Der Mann übernehme die volle Verantwortung für die Tat. «Ich bin dafür verantwortlich. Ich bin hundertprozentig schuld daran, sonst niemand. Und sie ist hundertprozentig das Opfer», erklärt er heute. Er habe schliesslich verschiedene Optionen gehabt, sich einer potenziellen Eskalation zu entziehen. «Ich bereue zutiefst, es nicht gemacht zu haben.» Nach der Tat sei es ihm schlecht gegangen. Er sagte sich: «So schlimm, ich habe eine Frau geschlagen. Ich muss mich in den Boden schämen.»

Als Einziger der Beteiligten kam der Schweizer im Anschluss an die Tat für drei Tage in U-Haft, wie er gegenüber der Zeitung erklärt. Im März 2023 traf er zufällig Fabienne W. wieder. Die beiden haben sich laut P. mehrmals getroffen und über die Geschehnisse der Tatnacht gesprochen. «Ich sagte, Fabienne, es tut mir leid.»

Fabienne W: «Ich wurde eine Stunde lang gefoltert»

Nach den Gesprächen hatte P. den Eindruck, dass W. ihm verziehen habe. Beide Seiten hätten eine aussergerichtliche Einigung angestrebt. Nach drei Monaten sei der Kontakt dann aber abgebrochen. Plötzlich sei dann dieser Rundschau-Beitrag um die Ecke gekommen.

Auf Anfrage der «Sonntagszeitung» bestätigt Fabienne W., Markus P. im Sommer nach der Tat wiedergetroffen zu haben. Er habe versucht, ihr aufzuzeigen, dass sie sich das alles nur einbilde. «Er wollte mir einreden, mir nichts angetan zu haben, ich sei ausgerastet, er sei ausgerastet, es tue ihm leid. Doch die Videos sprechen ein anderes Bild.» Sie sei eine Stunde lang gewürgt, geschlagen und in Handschellen gelegt – also gefoltert worden. Sie wolle keine weiteren Gespräche mit den Tätern führen.
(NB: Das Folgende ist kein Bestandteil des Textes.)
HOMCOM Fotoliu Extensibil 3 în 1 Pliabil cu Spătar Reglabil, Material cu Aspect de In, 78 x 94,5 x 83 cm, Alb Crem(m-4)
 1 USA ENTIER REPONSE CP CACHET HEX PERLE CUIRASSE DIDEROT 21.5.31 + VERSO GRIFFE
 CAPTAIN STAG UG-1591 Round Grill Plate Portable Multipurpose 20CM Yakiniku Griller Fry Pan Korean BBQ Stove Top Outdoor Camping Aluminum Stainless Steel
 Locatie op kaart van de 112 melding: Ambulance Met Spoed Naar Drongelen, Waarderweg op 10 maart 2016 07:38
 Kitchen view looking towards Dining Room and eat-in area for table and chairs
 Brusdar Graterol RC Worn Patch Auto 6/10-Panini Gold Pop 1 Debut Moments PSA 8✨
«Das wäre eine gerechte Strafe»

Markus P. behauptet, nach der Ausstrahlung des SRF-Rundschau-Beitrags Morddrohungen erhalten zu haben. «Ich musste aus Schaffhausen fliehen. Es gab Morddrohungen gegen mich, mehrmals versuchten Leute, in meine Wohnung einzubrechen.» Die Polizei habe ihm geraten, Schaffhausen vorübergehend zu verlassen. Dies habe er gemacht. Noch am selben Abend, als der «Rundschau»-Beitrag ausgestrahlt wurde, habe er seinen Arbeitgeber über die Sache informiert. Tags darauf wurde er freigestellt.

Eine Strafe für seine Tat bekam P. bisher nicht. Die Behörden sollen ihm erklärt haben, dass er für die Tat ein- oder eineinhalb Jahre ins Gefängnis kommen könnte. «Das wäre eine gerechte Strafe», findet er.